McClendon said he spent the entire term of his NPGA presidency traveling around the country, talking to propane marketers and producers about how the act would benefit the propane industry. Eventually, marketers passed the referendum with a 95.5% vote, and producers with a 93.7% vote.

Prior NPGA presidents, including Ralph Rooney, Glenn Saunders, and John Blossman, were involved in communicating the benefits of a “check-off” program to the propane industry. McClendon followed Blossman as NPGA president.

“By the time it got to me, there had been some momentum building for the idea,” McClendon noted. “Each of the preceding presidents contributed to helping move the concept along. People don’t realize how complicated it was to get the act through Congress. When you hear the cliché, ‘It’s like an act of Congress,’ well that’s exactly what it was.”

Early Days
Once the law passed and the propane industry approved the formation of PERC, the work was still just beginning. Industry members had to set up the organization and find people to serve on the council. Therrell was elected to be PERC’s first chair and Miller was elected vice chair.

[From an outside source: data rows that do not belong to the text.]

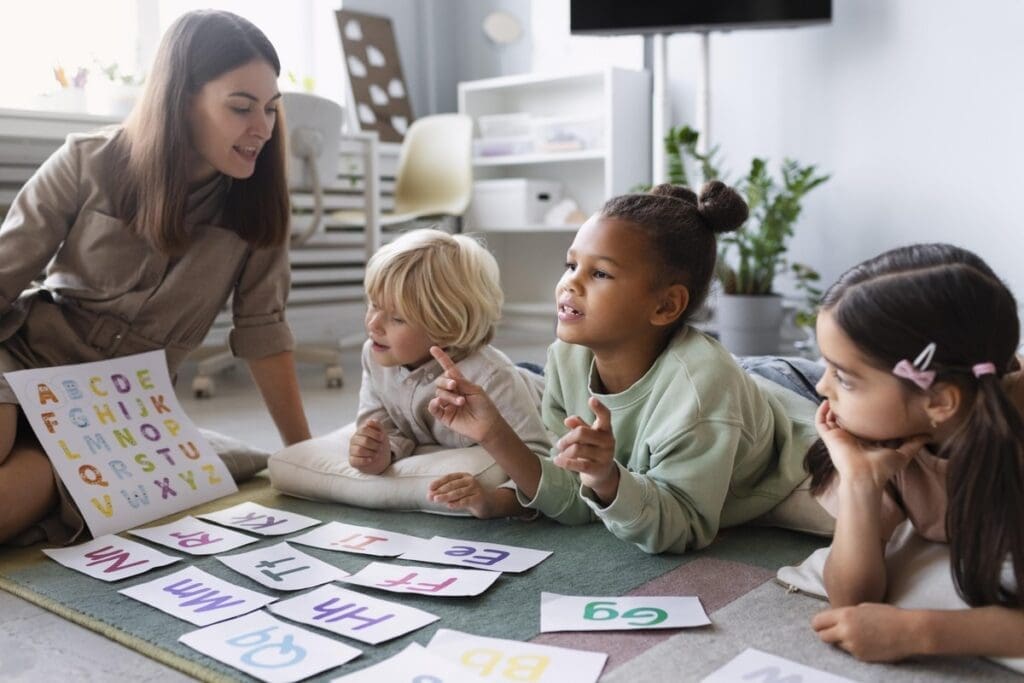 Early Learning Essentials: 4 Amazing, Powerful Keys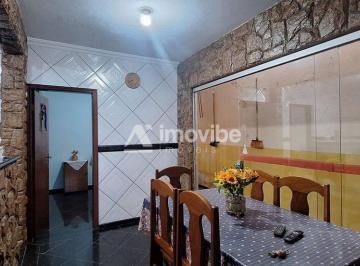 Casa · 150m² · 3 Quartos · 2 Vagas · Casa no Jardim Nossa Senhora Aparecida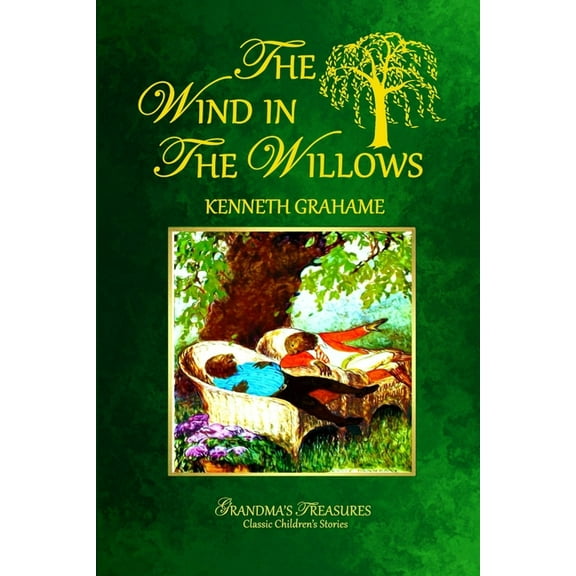 The Wind in the Willows, (Paperback)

Jim Ferrell of Ferrellgas chaired a nine-member search committee to begin an exhaustive search for a president and CEO to lead PERC. Over the next several months, a search firm first screened dozens of candidates, then the committee personally interviewed approximately 20 individuals who weren’t already eliminated. The committee ultimately selected Willis, and McClendon concluded “his 20-year tenure and leadership has confirmed that he was the right choice.”

According to Willis, Miller advocated that PERC develop “serious programs” in each of the three functions that PERA laid out: safety and training, research and development, and consumer education. Continuing to talk about the people aspect of PERC, Willis mentioned that Ferrell, who served on the first PERC council, brought a propane-centric corporate perspective to the group. McClendon was the second council chair, and that’s when the consumer education function first kicked into high gear.

Once PERA passed and the propane industry approved the formation of PERC, McClendon and others spent about two years setting up the organization, hiring Willis and other staff members. NPGA and the Gas Processors Association (GPA) nominated the 21 council members, which included nine retail marketers, nine producers, and three at-large members of the public, as PERA required. The assessment to fund the council began on Jan. 1, 1998, at one tenth of a cent per gallon of odorized propane sales.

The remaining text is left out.